Rubio confirms US halts program tracking 30,000 Ukrainian children abducted by Russia

Yale researchers’ database documenting Russia’s systematic deportation of Ukrainian children will be transferred to international authorities as Trump administration terminates nearly all foreign aid programs.
Russian-abducted Ukrainian children/open source
Russian-abducted Ukrainian children. Credit: Open Source
Rubio confirms US halts program tracking 30,000 Ukrainian children abducted by Russia

US Secretary of State Marco Rubio says that the program to find Ukrainian children illegally taken from Ukraine by Russia has not been resumed.

In mid-March, The Washington Post reported that the Trump administration shut down the Conflict Observatory initiative, which monitored the mass deportation of Ukrainian children. The program was funded by the US government and led by Yale University’s Humanitarian Research Lab.

According to Rubio, the US State Department has retained information on Ukrainian children abducted by the Russian government during the war in Ukraine, despite lawmakers’ fears that it had been deleted.

Researchers from Yale University, who tracked tens of thousands of kidnapped Ukrainian children, had created a database as part of a project under the State Department’s Conflict Observatory program during the Biden administration.

Russia’s systematic kidnapping of Ukrainian children is part of a broader strategy aimed at erasing Ukrainian identity and culture, and undermining the nation’s future. This campaign involves forcibly relocating children from Ukraine to Russia, where they are subjected to “re-education” and forced assimilation, often through adoption into Russian families.

Lawmakers feared that this database had been erased when the State Department ended funding for the group monitoring the abductions, according to The New York Times.

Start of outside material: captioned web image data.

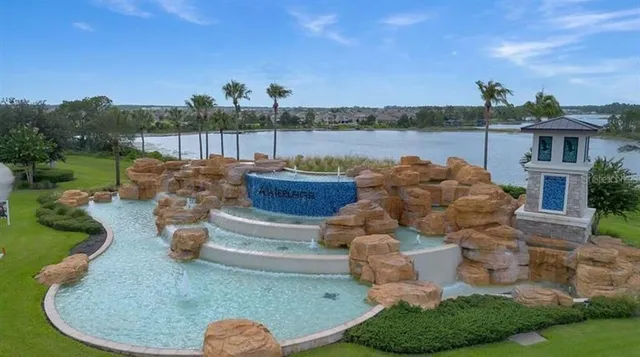 a view of a swimming pool with a patio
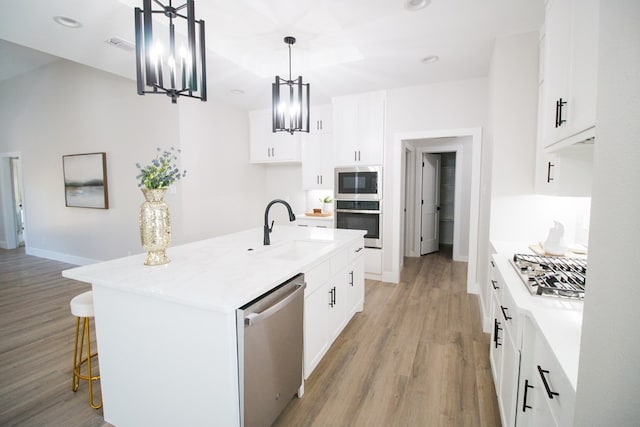 kitchen featuring sink, white cabinetry, appliances with stainless steel finishes, an island with sink, and pendant lighting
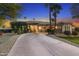 Lovely single-story home featuring desert landscaping, mature palm trees, and a circular driveway at 953 E Fieldstone Pl, Chandler, AZ 85249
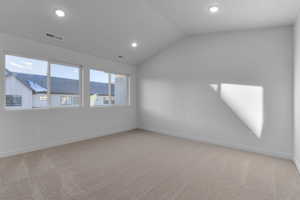 Unfurnished room featuring vaulted ceiling, carpet, and visible vents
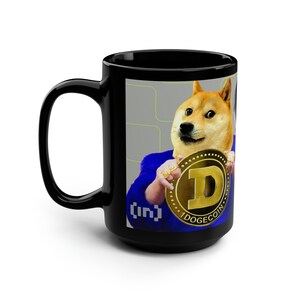 Può includere: Tazza da caffè in ceramica nera con un'immagine bianca di un cane Shiba Inu che indossa un abito blu e tiene una moneta d'oro Dogecoin. Il testo "[in]" e "1DOGECOIN" sono sulla tazza.
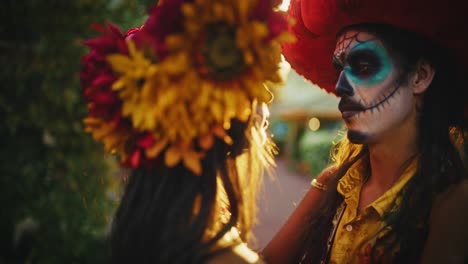couple in day of the dead costumes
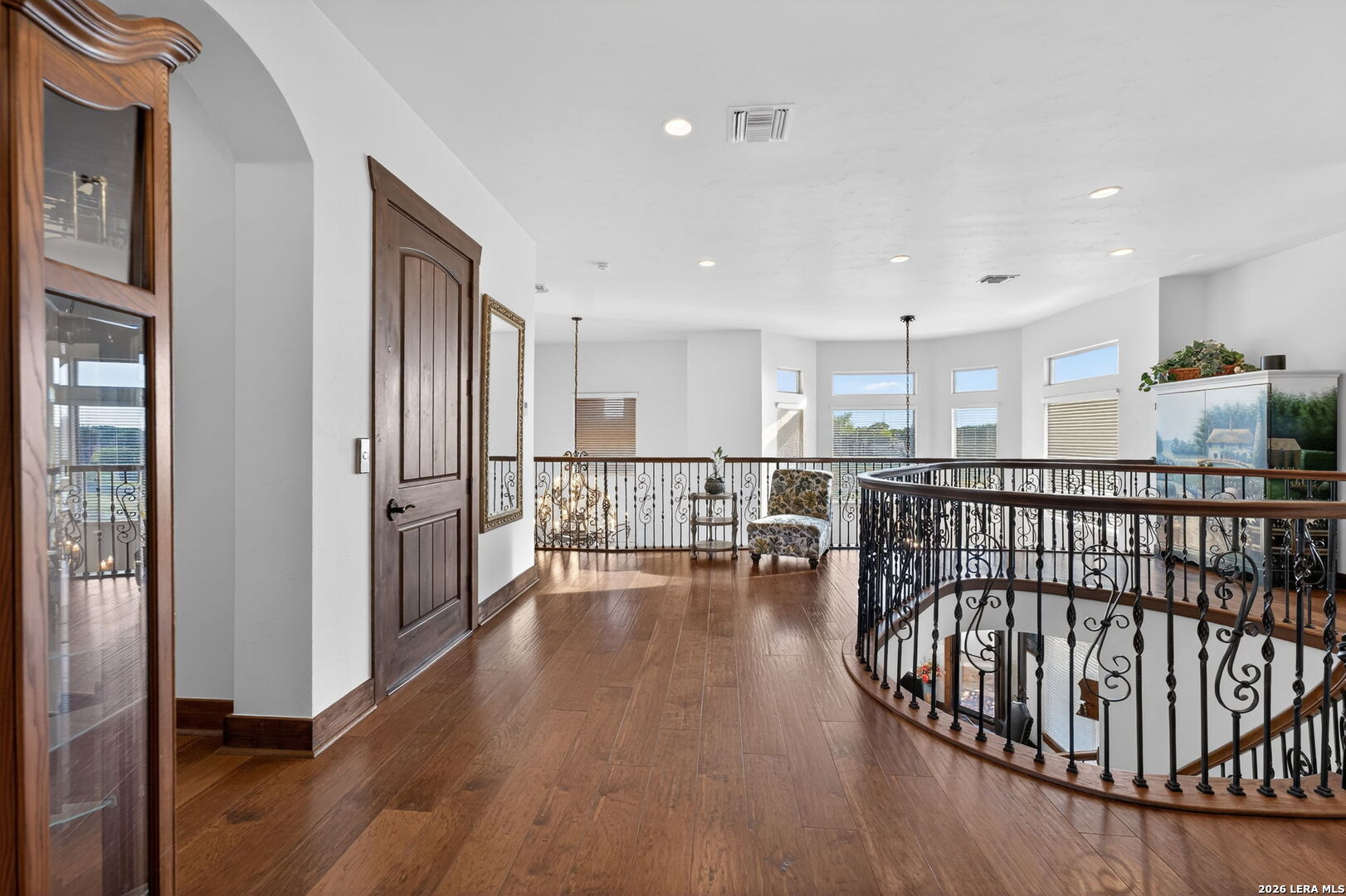 134 Bandit Beach Road New Braunfels, TX 78130 - Photo 27 of 77 a view of a hallway with wooden floor and furniture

Rubio stated that the database will be transferred to the “appropriate party,” though he did not specify whom. He also confirmed that the program will not resume, as funding was cut when US President Trump took office in January, ending nearly all foreign aid.

The data will likely be sent to the International Criminal Court and Europol, Europe’s main law enforcement agency.

Yale School of Public Health’s Humanitarian Research Lab, which tracked the abductions, has documented over 30,000 children taken from Ukraine to Russia and Belarus since Russia’s all-out war began in 2022.

In 2023, the International Criminal Court issued an arrest warrant for Russian President Vladimir Putin and Presidential Commissioner for Children’s Rights Maria Lvova-Belova, accusing them of war crimes related to the abduction and deportation of Ukrainian children. The Kremlin denies committing war crimes but does not conceal the fact that Ukrainian children have been relocated to Russia.

A few months later, a Russian official stated that Russia had taken 700,000 children from war zones in Ukraine.